======== MATERIAL TO PROCESS ========

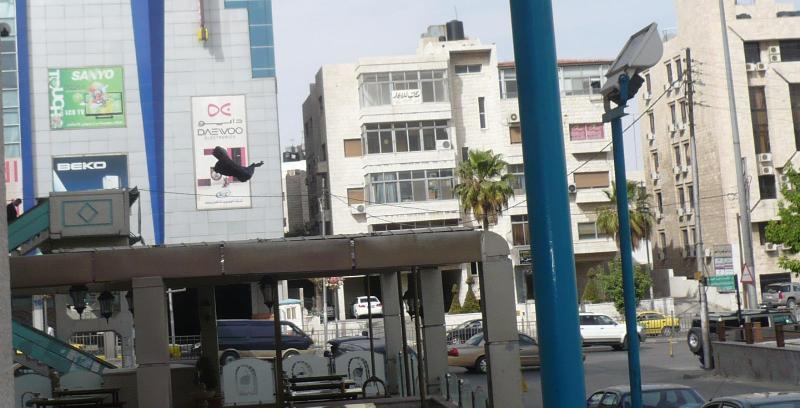 اختفاء (الطائر الأسود) من أجواء المملكة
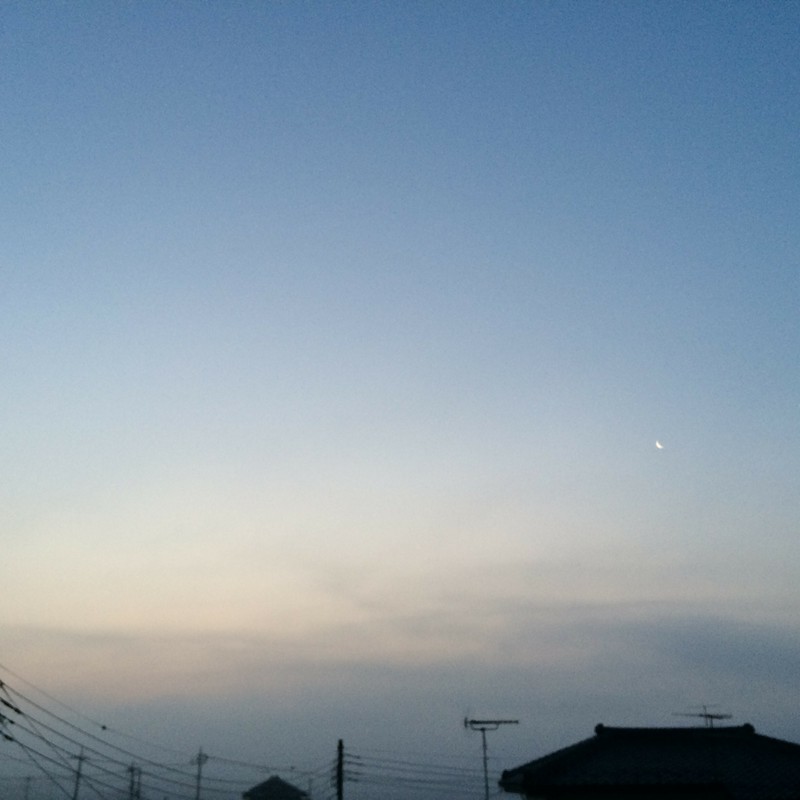 朝靄と三日月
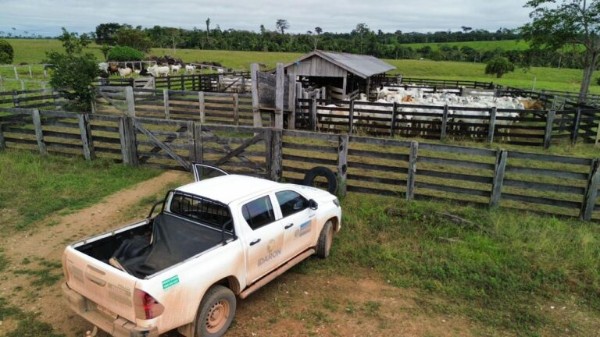Ações para prevenir casos de raiva animal são intensificadas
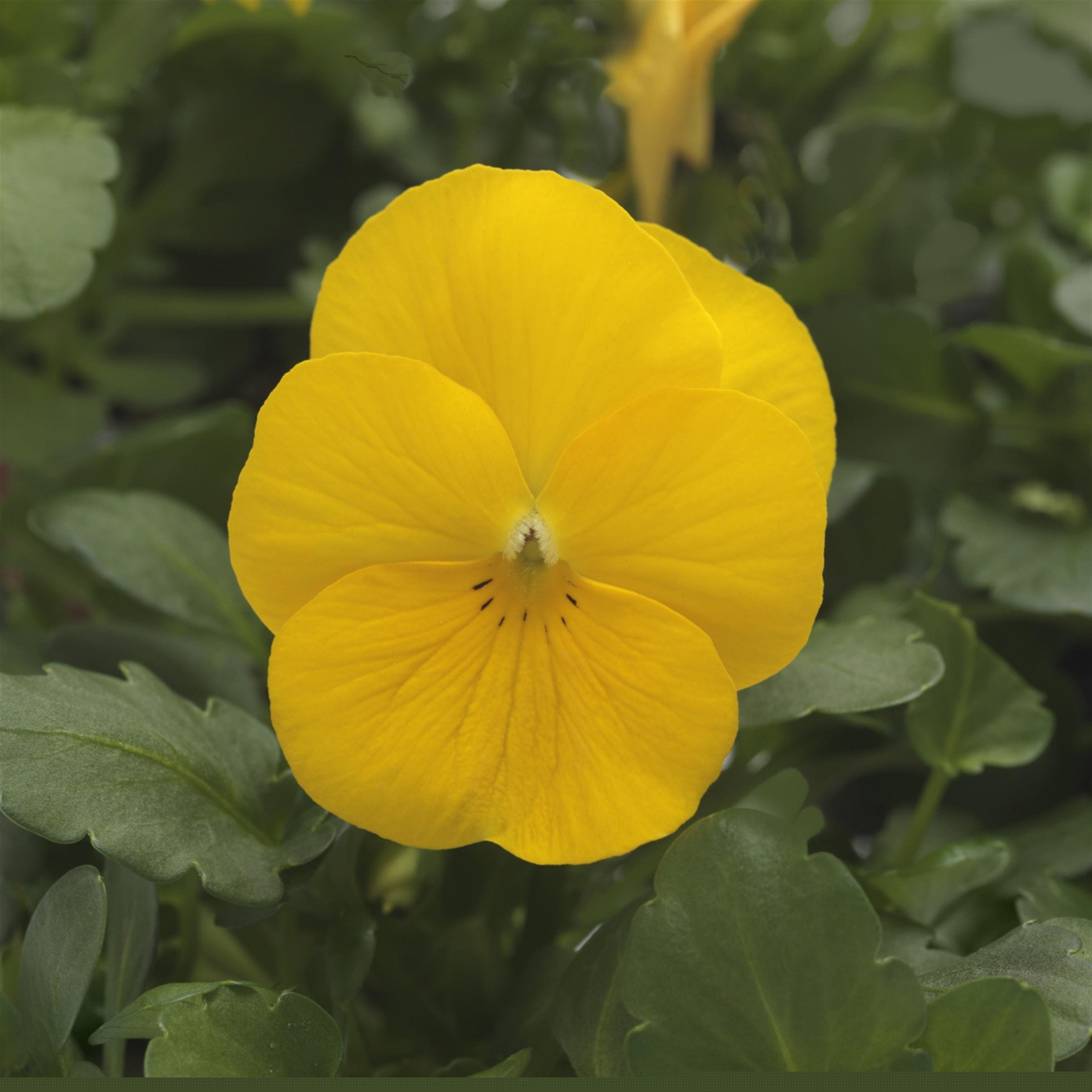 Viola hybrida Sorbet® XP Yellow - 4" Pot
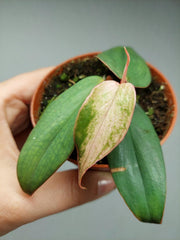 Philodendron Burle Marx Fantasy Pink Variegata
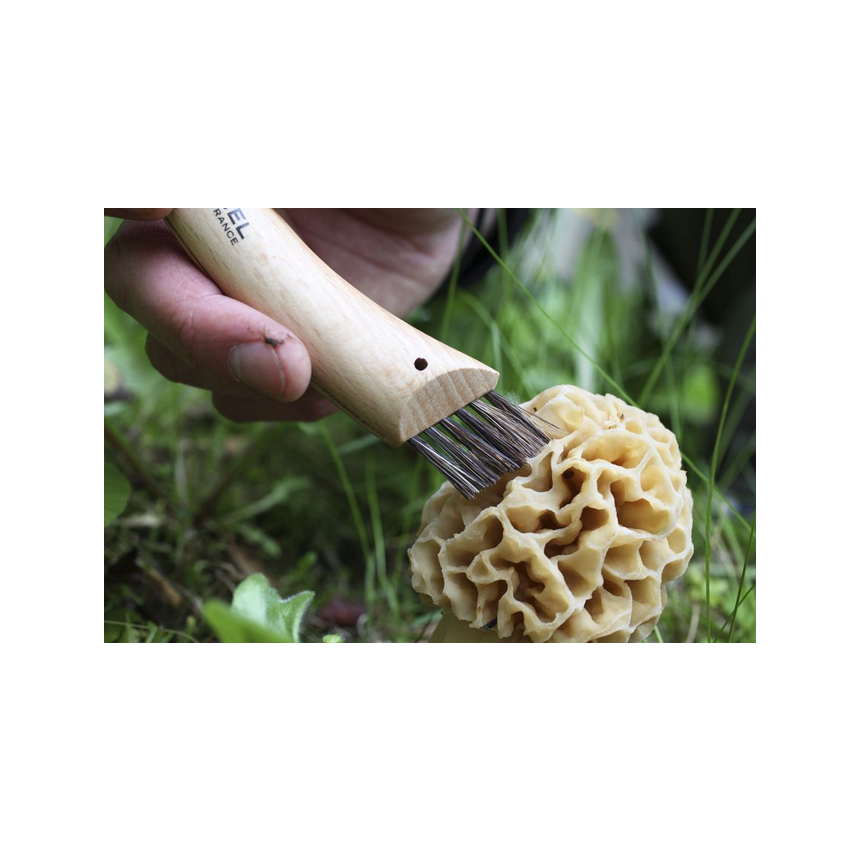 Σουγιάς No.8 Champignon για Μανιτάρια της Opinel VRA46756 trazeras|VRA46756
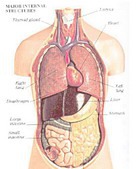 �������� ������� �� �����, ��� ����������� ������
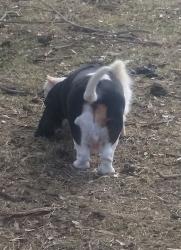 User Profile: BassetDoll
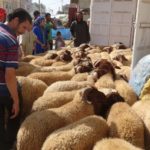 moutons Maroc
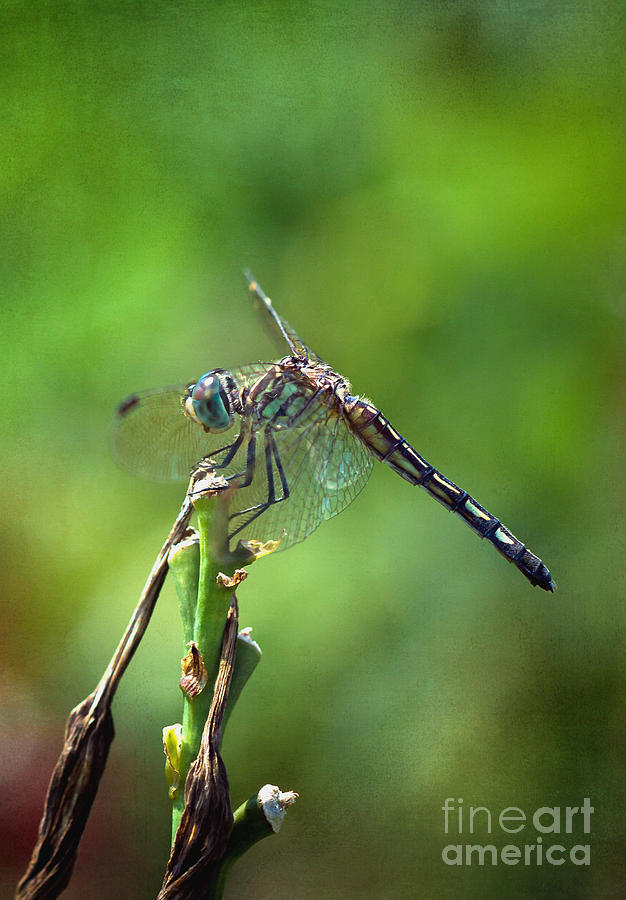 Dragonfly Photograph by Joan McCool - Fine Art America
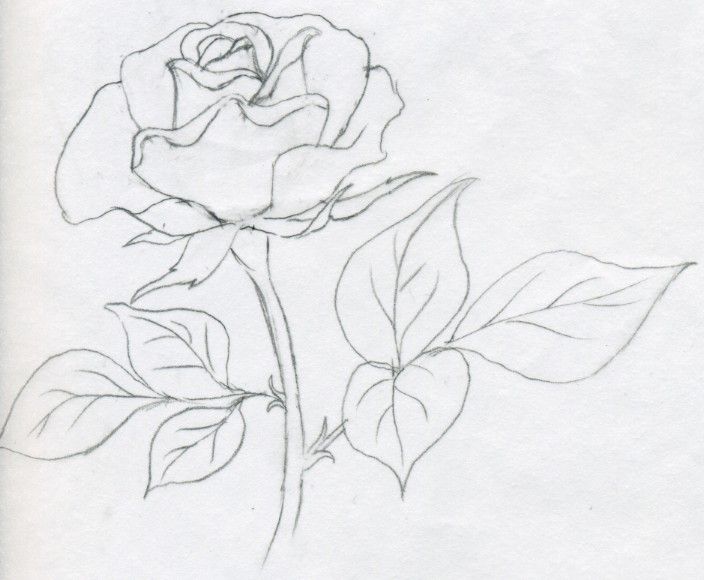 Rose Head Drawing at Explore collection of Rose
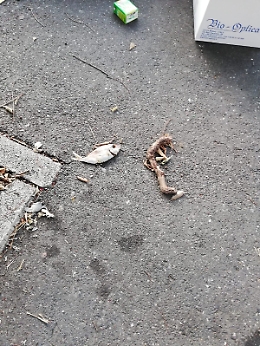 Il degrado più totale delle vie di Catania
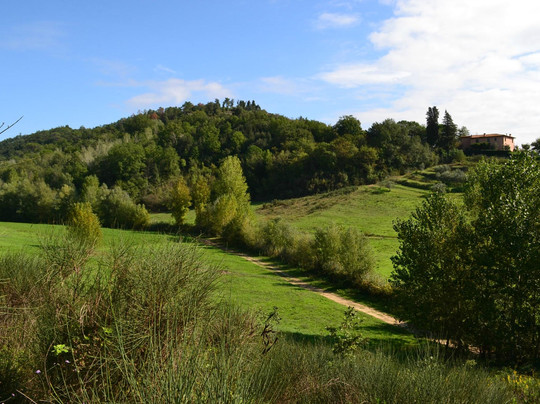 The Truffle Hunter-佛罗伦萨必去景点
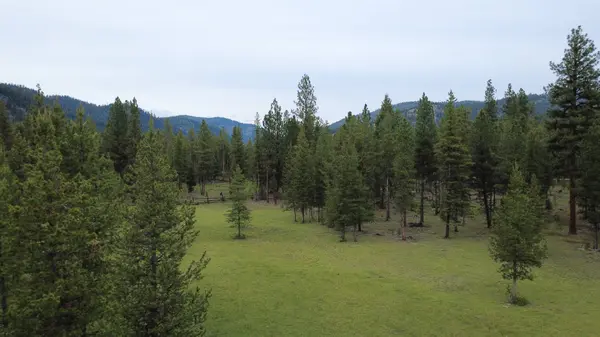 Tract A West Meadow RD, Darby, MT 59829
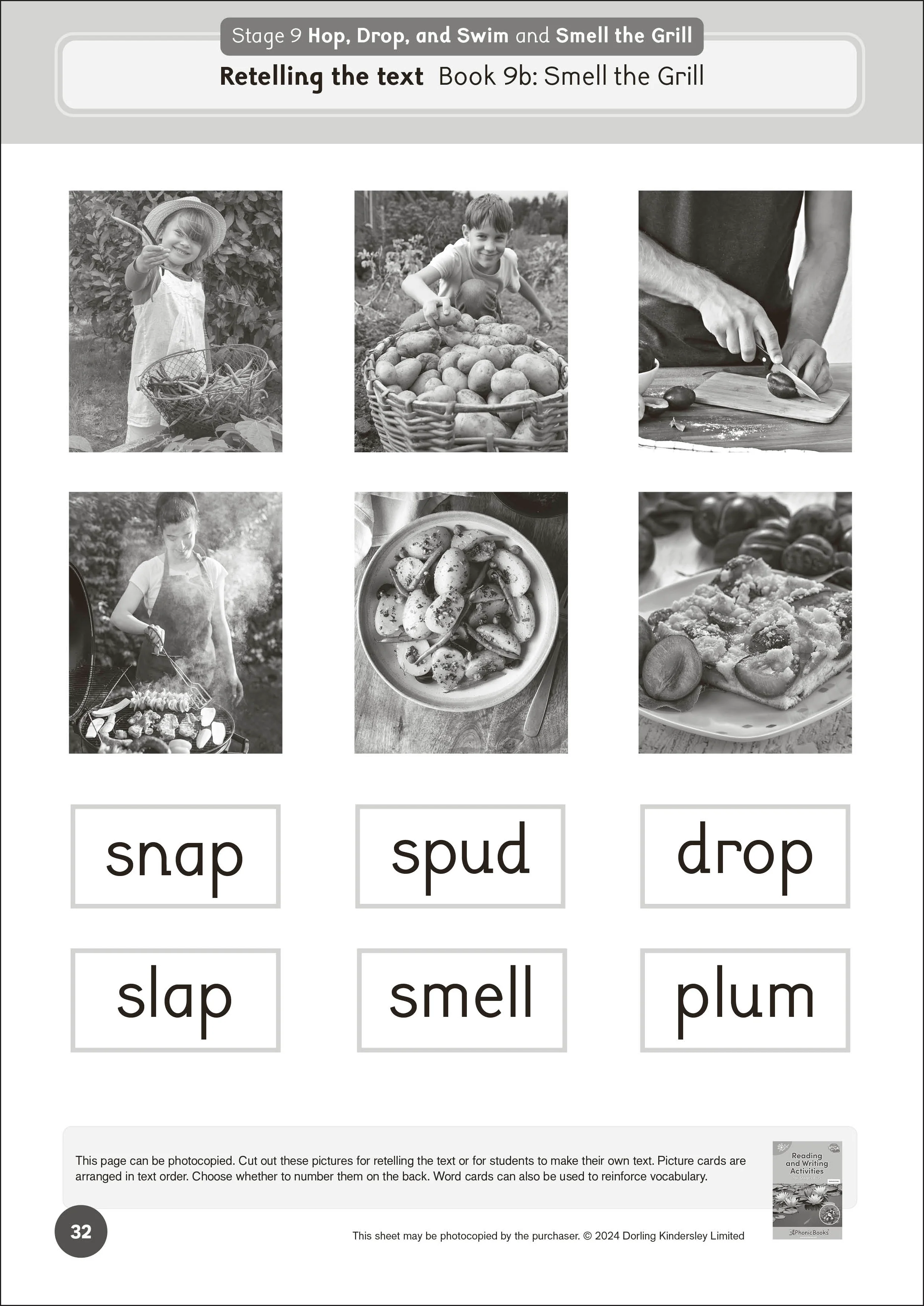 Phonic Books Dandelion World Extras Stages 8-15 Activities - Image 2
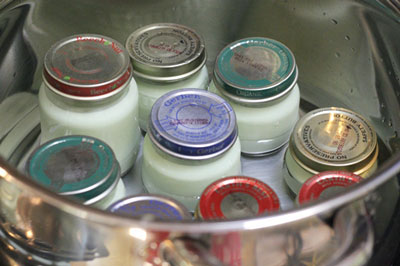 Cách làm sữa chua trà xanh tại nhà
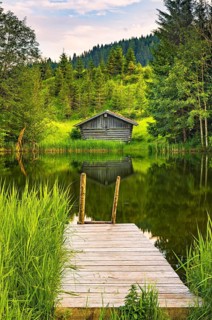 jetty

========

WORK INSTRUCTIONS -> Write out, word for word, only the lines from the one containing "Phonic Books Dandelion" to the end of the data above; the pictures stay out.

EXPECTED ANSWER ->
 Phonic Books Dandelion World Extras Stages 8-15 Activities - Image 2
 Cách làm sữa chua trà xanh tại nhà
 jetty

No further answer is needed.